What you are asked to do
None of the pictures should be copied, though every line of the listing must be printed exactly.
** Opening Extracted data block **
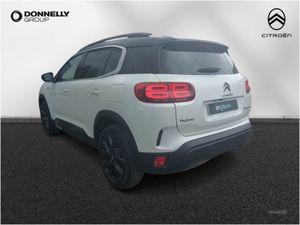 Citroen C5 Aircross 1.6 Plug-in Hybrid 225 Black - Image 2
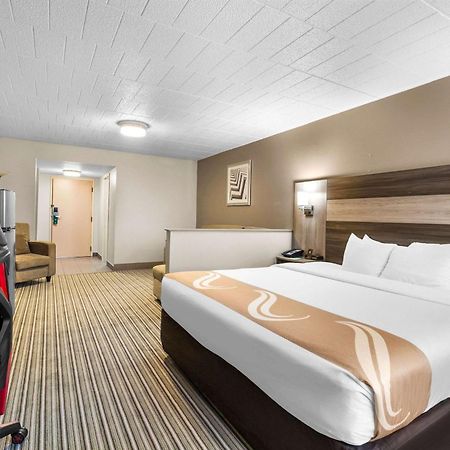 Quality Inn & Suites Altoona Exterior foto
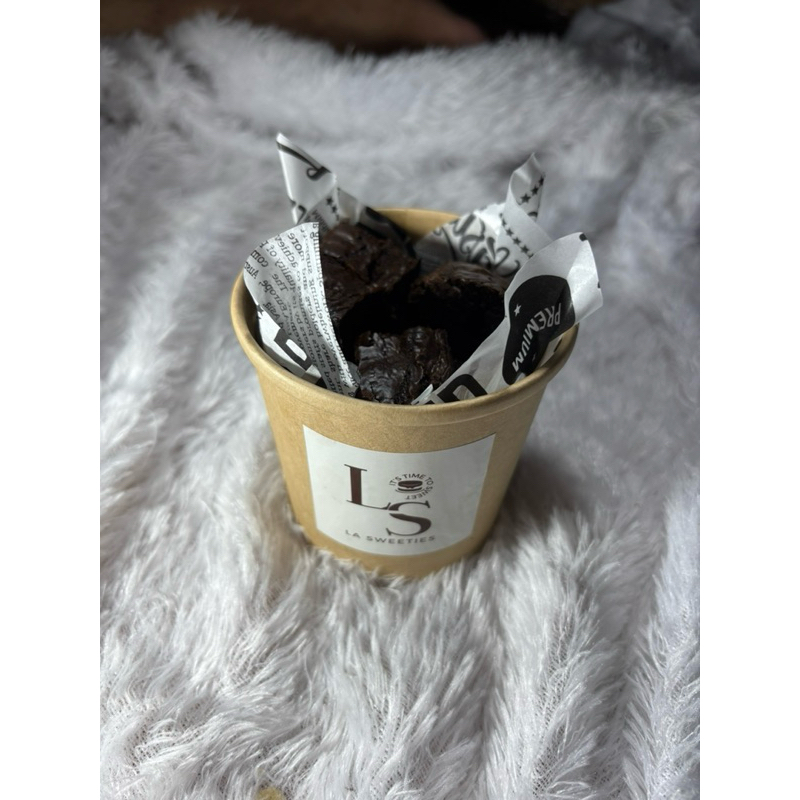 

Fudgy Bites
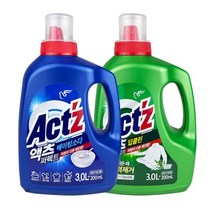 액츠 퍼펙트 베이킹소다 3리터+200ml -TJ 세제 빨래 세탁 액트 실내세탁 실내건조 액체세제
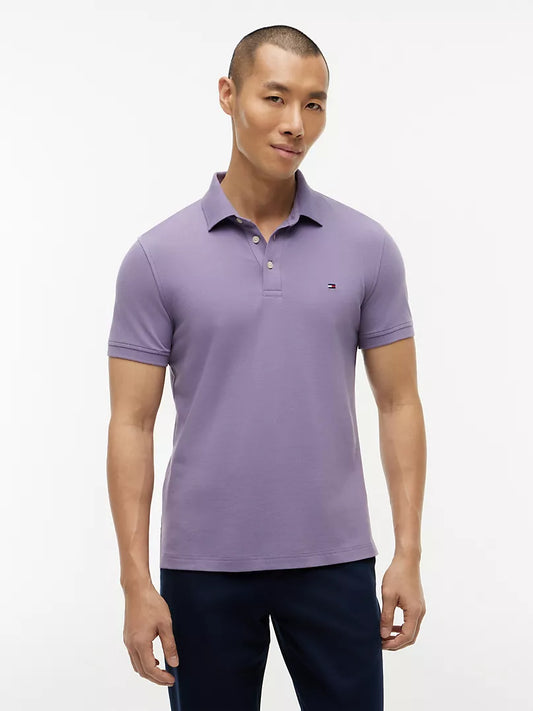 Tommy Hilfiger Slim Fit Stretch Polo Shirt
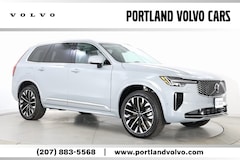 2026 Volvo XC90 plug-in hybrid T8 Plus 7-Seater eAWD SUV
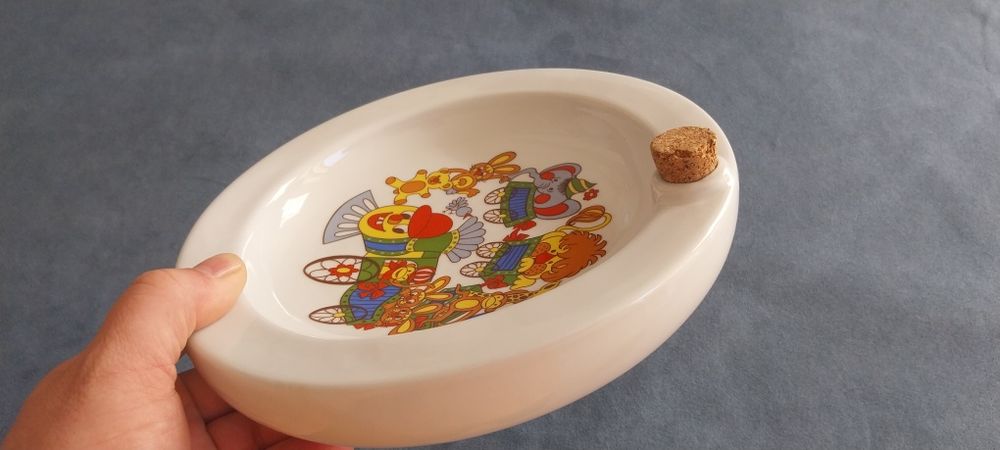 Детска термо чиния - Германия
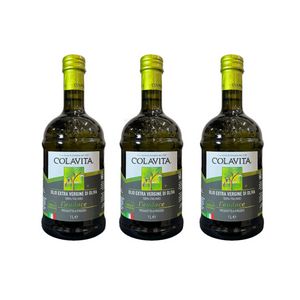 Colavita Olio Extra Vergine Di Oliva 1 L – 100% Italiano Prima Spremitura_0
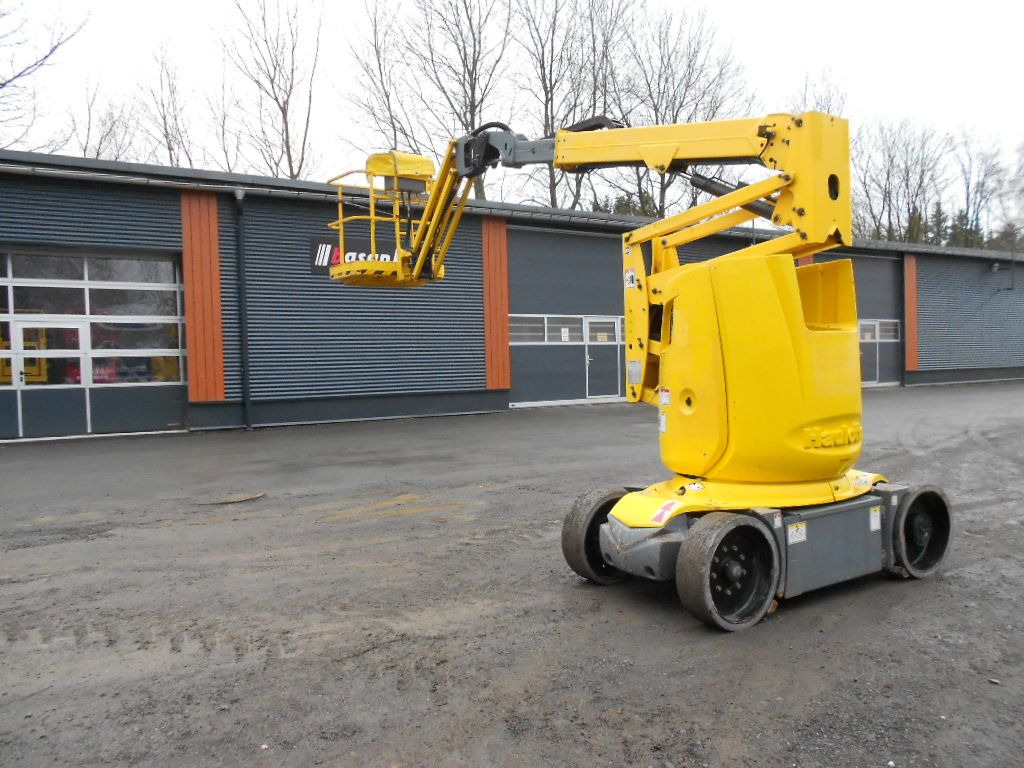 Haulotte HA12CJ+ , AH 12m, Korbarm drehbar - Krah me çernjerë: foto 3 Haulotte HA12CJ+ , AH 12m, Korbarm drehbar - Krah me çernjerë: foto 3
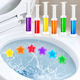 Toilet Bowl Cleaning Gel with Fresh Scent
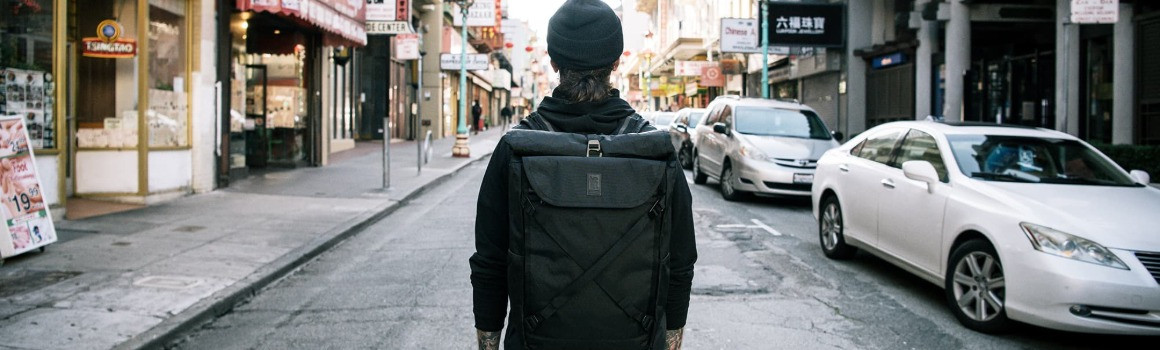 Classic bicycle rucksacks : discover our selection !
** Closing Extracted data block **
Written reply
 Citroen C5 Aircross 1.6 Plug-in Hybrid 225 Black - Image 2
 Quality Inn & Suites Altoona Exterior foto

Fudgy Bites
 액츠 퍼펙트 베이킹소다 3리터+200ml -TJ 세제 빨래 세탁 액트 실내세탁 실내건조 액체세제
 Tommy Hilfiger Slim Fit Stretch Polo Shirt
 2026 Volvo XC90 plug-in hybrid T8 Plus 7-Seater eAWD SUV
 Детска термо чиния - Германия
 Colavita Olio Extra Vergine Di Oliva 1 L – 100% Italiano Prima Spremitura_0
 Haulotte HA12CJ+ , AH 12m, Korbarm drehbar - Krah me çernjerë: foto 3 Haulotte HA12CJ+ , AH 12m, Korbarm drehbar - Krah me çernjerë: foto 3
 Toilet Bowl Cleaning Gel with Fresh Scent
 Classic bicycle rucksacks : discover our selection !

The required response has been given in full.